» Task directions: Note each line in the data holding the string "hooded" and report it.

» Available records:
/---

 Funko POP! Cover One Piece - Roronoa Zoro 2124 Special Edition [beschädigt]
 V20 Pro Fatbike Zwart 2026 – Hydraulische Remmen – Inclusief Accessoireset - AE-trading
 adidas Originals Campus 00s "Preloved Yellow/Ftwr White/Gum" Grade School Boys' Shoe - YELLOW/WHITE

\---
/---

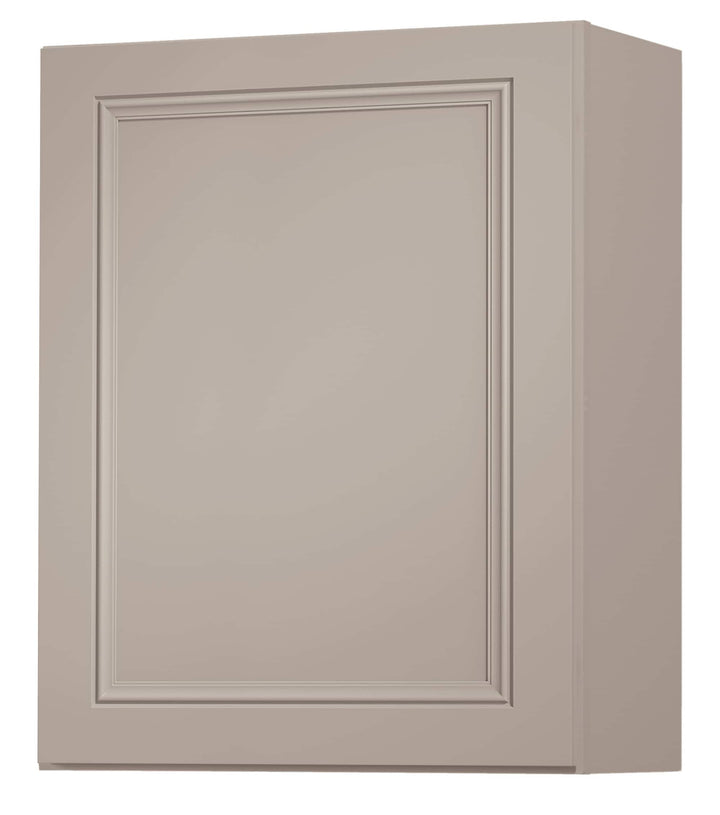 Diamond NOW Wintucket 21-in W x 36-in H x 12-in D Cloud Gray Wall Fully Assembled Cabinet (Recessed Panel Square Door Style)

\---
/---

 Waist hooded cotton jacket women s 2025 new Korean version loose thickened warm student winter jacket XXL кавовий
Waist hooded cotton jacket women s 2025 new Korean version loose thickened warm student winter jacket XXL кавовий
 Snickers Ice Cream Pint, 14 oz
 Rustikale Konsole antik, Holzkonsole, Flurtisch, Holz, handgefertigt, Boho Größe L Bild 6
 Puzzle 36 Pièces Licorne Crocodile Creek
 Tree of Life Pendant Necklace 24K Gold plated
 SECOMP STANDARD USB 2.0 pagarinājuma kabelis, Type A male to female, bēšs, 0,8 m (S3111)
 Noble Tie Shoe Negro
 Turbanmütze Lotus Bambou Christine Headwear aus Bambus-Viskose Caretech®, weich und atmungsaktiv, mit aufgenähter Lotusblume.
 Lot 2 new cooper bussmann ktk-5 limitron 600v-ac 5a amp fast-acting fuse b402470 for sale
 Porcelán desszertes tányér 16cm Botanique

\---

» Solution for this task:
 Waist hooded cotton jacket women s 2025 new Korean version loose thickened warm student winter jacket XXL кавовий
Waist hooded cotton jacket women s 2025 new Korean version loose thickened warm student winter jacket XXL кавовий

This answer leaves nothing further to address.